Your answer must be every line of the data below that holds the string "with", copied exactly.

Crawled caption data
☆ ☆ ☆ ☆

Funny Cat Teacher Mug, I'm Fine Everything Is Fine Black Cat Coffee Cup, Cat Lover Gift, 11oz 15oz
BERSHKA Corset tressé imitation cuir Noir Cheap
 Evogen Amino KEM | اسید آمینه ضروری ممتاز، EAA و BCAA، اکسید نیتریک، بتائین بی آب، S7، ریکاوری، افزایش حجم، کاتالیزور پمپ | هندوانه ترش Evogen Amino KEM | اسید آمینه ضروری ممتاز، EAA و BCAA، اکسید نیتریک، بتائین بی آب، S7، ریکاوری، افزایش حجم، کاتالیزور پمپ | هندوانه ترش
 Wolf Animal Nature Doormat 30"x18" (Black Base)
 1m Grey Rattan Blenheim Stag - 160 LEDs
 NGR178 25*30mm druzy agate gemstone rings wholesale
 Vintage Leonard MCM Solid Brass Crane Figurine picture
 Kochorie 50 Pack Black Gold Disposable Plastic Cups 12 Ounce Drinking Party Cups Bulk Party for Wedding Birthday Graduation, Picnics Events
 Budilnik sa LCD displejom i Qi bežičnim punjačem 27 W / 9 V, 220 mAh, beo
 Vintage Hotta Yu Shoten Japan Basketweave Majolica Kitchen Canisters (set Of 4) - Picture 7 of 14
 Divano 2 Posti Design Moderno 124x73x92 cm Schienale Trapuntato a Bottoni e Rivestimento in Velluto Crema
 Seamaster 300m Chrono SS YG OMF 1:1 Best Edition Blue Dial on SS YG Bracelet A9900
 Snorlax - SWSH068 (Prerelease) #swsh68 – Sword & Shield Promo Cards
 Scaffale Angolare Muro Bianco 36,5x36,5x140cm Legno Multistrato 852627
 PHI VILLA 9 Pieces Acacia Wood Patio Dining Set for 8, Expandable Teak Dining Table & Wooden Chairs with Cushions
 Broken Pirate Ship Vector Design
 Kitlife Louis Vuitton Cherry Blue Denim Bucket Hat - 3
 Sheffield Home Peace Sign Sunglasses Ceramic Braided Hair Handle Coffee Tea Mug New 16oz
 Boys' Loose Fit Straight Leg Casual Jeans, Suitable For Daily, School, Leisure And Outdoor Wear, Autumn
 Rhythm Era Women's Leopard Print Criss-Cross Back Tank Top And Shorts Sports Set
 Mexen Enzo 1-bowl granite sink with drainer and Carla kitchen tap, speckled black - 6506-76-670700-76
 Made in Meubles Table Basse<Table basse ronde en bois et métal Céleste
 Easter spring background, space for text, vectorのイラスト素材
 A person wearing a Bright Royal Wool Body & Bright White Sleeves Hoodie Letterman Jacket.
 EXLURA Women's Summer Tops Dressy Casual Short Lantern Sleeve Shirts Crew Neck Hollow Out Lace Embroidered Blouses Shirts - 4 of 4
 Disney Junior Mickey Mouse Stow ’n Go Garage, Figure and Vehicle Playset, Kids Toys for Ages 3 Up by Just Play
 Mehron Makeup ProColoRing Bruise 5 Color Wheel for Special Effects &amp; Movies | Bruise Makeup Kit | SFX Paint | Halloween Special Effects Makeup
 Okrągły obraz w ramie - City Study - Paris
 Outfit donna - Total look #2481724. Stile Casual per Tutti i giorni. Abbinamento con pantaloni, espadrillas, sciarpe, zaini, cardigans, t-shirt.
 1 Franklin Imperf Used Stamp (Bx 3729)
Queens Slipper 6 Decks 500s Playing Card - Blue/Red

☆ ☆ ☆ ☆

■ **EXERCISE ANSWER**
 PHI VILLA 9 Pieces Acacia Wood Patio Dining Set for 8, Expandable Teak Dining Table & Wooden Chairs with Cushions
 Mexen Enzo 1-bowl granite sink with drainer and Carla kitchen tap, speckled black - 6506-76-670700-76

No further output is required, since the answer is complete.